> **Exercise objective**
What you return should be the full listing, word for word, without a single image.

> **Exercise data**
▼

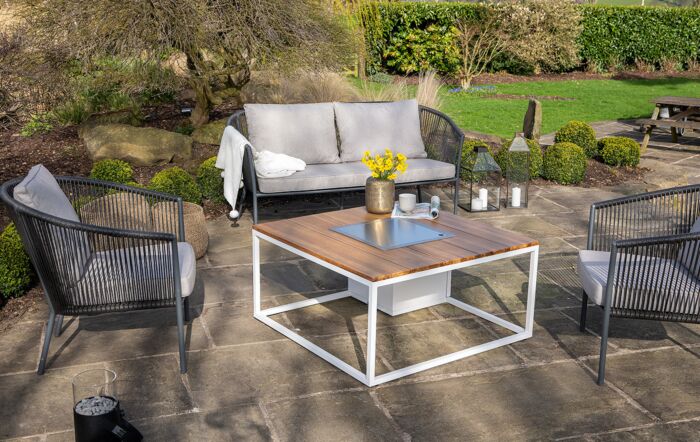 Pacific Lifestyle Cosiloft  White and Teak 100 Fire Pit Table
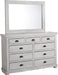 Willow Drawer Dresser with Mirror in Gray
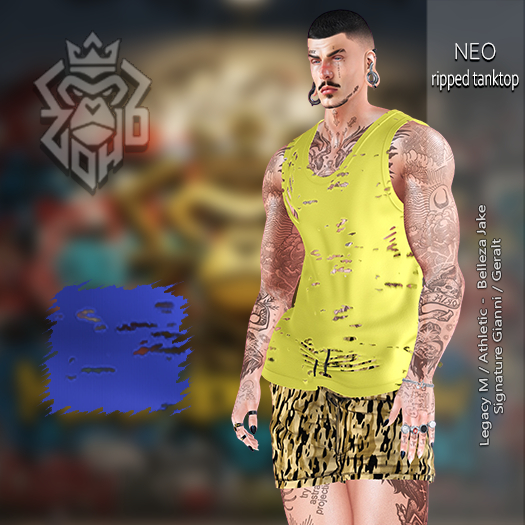 [ZH] Neo Ripped Tanktop - Blue (ADDUNPACK)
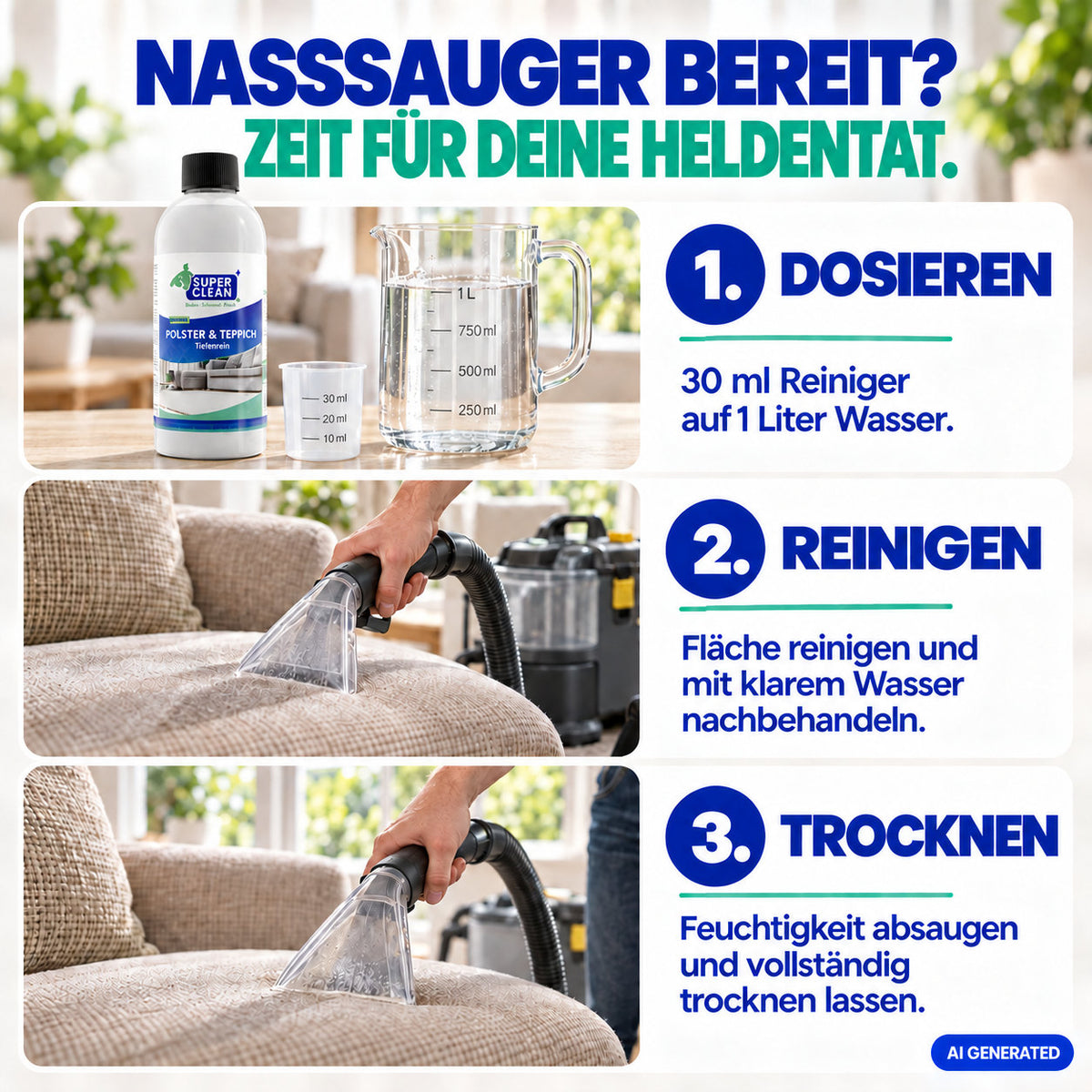 Polsterreiniger für Textilien, Teppiche & Auto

▲

> **Task solution**
 Pacific Lifestyle Cosiloft  White and Teak 100 Fire Pit Table
 Willow Drawer Dresser with Mirror in Gray
 [ZH] Neo Ripped Tanktop - Blue (ADDUNPACK)
 Polsterreiniger für Textilien, Teppiche & Auto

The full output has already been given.